Quelle est donc cette dame au nez aquilin, aux grands yeux noirs, à la taille si haute et si noble, à la mine si fière et en même temps si coquette, qui entre à ma toilette sans se faire annoncer, et qui fait la révérence en religieuse ?

tullia

Je suis Tullia, née à Rome il y a environ dix-huit cents ans ; je fais la révérence à la romaine, et non à la française ; je suis venue je ne sais d’où pour voir votre pays, votre personne et votre toilette.

madame de pompadour

Ah ! madame, faites-moi l’honneur de vous asseoir. Un fauteuil à madame Tullia.

tullia

Qui ? moi, madame, que je m’asseye sur cette espèce de petit trône incommode, pour que mes jambes pendent à terre et deviennent toutes rouges.

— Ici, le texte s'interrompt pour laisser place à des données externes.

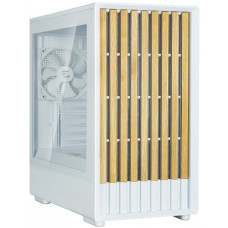 Корпус Zalman P10 Namu без БП, 1xUSB3.0, 1xUSBType-C, 2x120мм, 1x120мм ARGB, VGA 340мм, LCS ready, TG Side Panel, mATX, білий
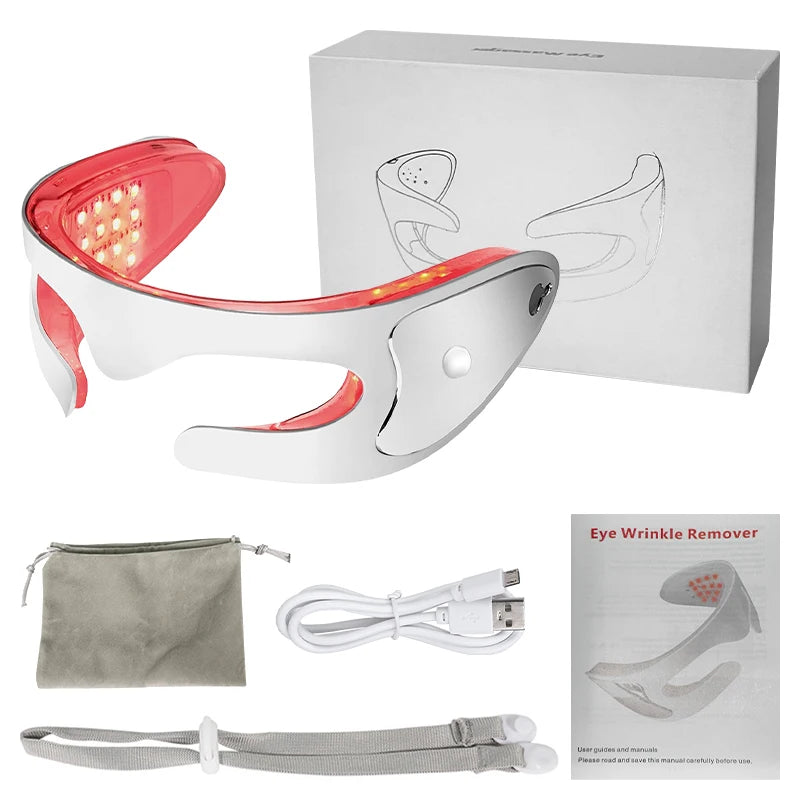 3D LED Eye Massager – Vibration & Light Therapy for Eye Fatigue, Dark Circles & Anti-Ageing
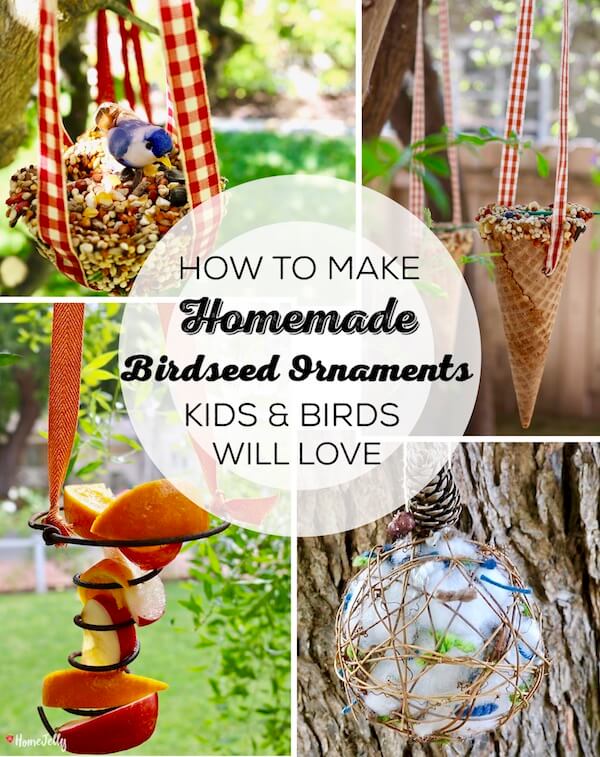 How to Make Homemade Birdseed Ornaments Feature Photo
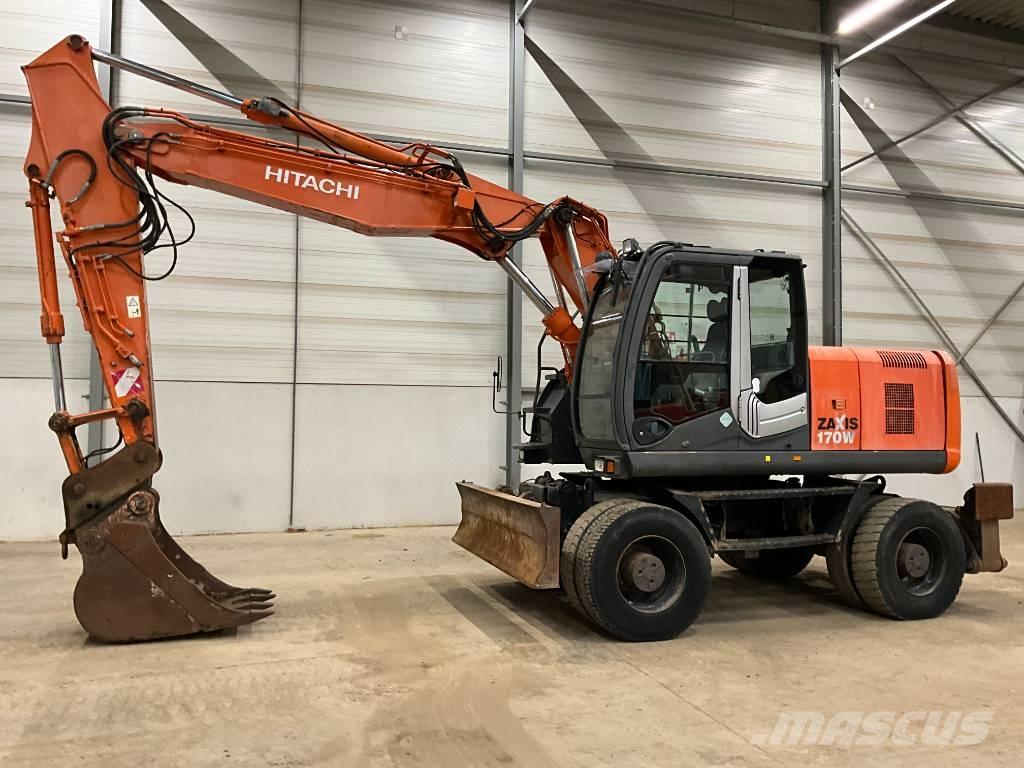 Hitachi ZX 170 W-3 Gravemaskiner på hjul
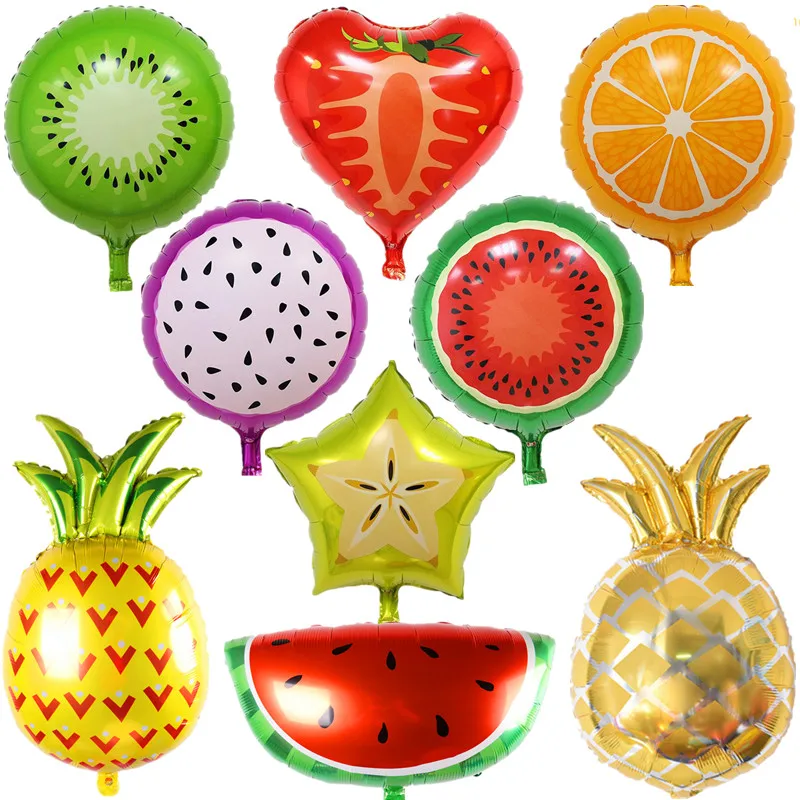 XXYYZZ Гелиевый шар из фольги для фруктов персик арбуз киви клубника апельсин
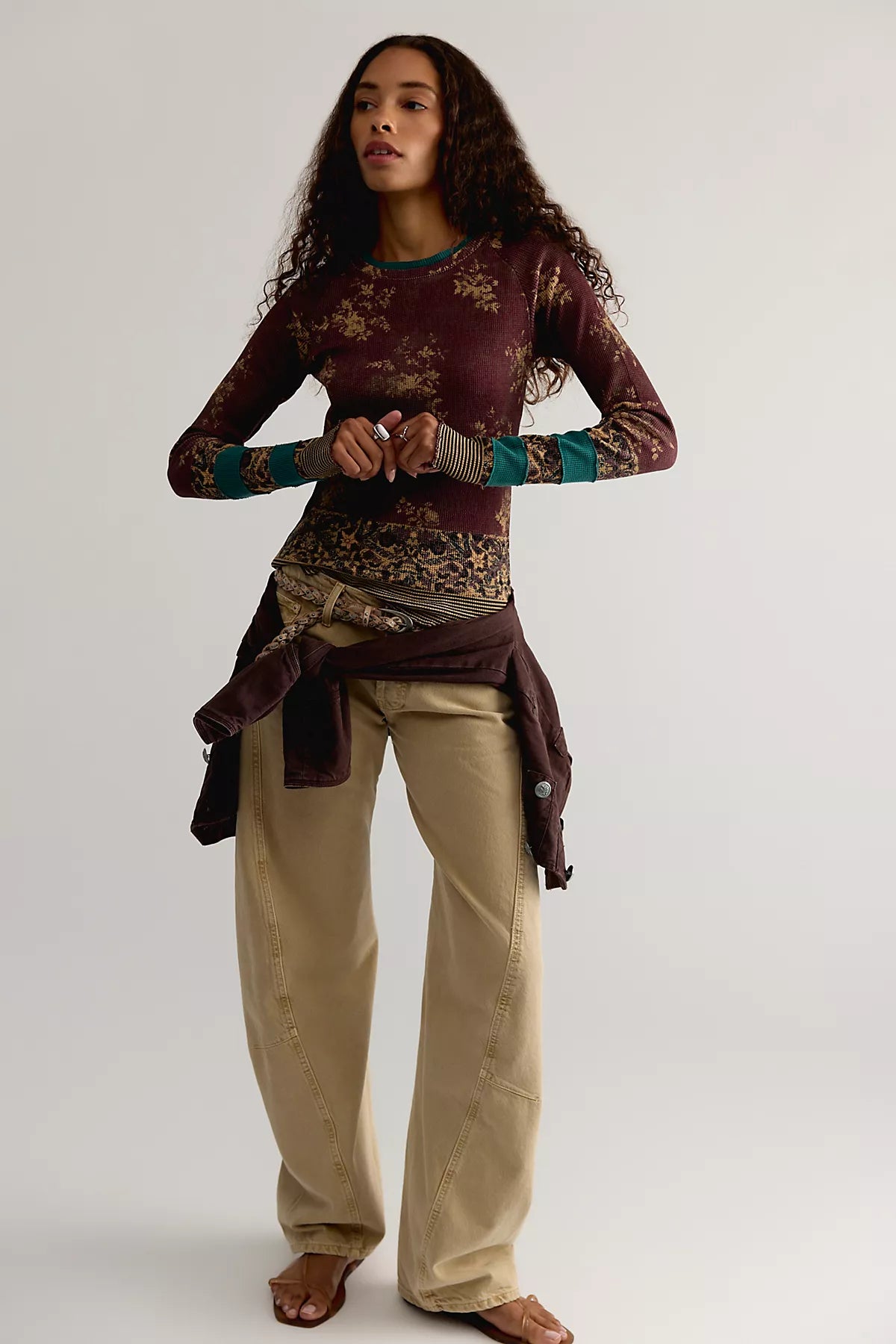 Easy Does It Printed Top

  1. La scène se passe en 1753, année de la reprise de Castor et Pollux : mais l’ouvrage est de quelques années plus tard. Il n’est pas à croire qu’il ait été composé du vivant de Mme de Pompadour, qui mourut le 14 avril 1764. Catherine II, dont Voltaire fait l’éloge (page 454), ne monta sur le trône de Russie qu’en juillet 1762. Les Anciens et les Modernes sont dans le troisième volume des Nouveaux Mélanges, daté de 1765, et qui ne parut qu’à la fin de cette année, comme on le voit par la lettre à Damilaville, du 6 janvier 1766. (B.)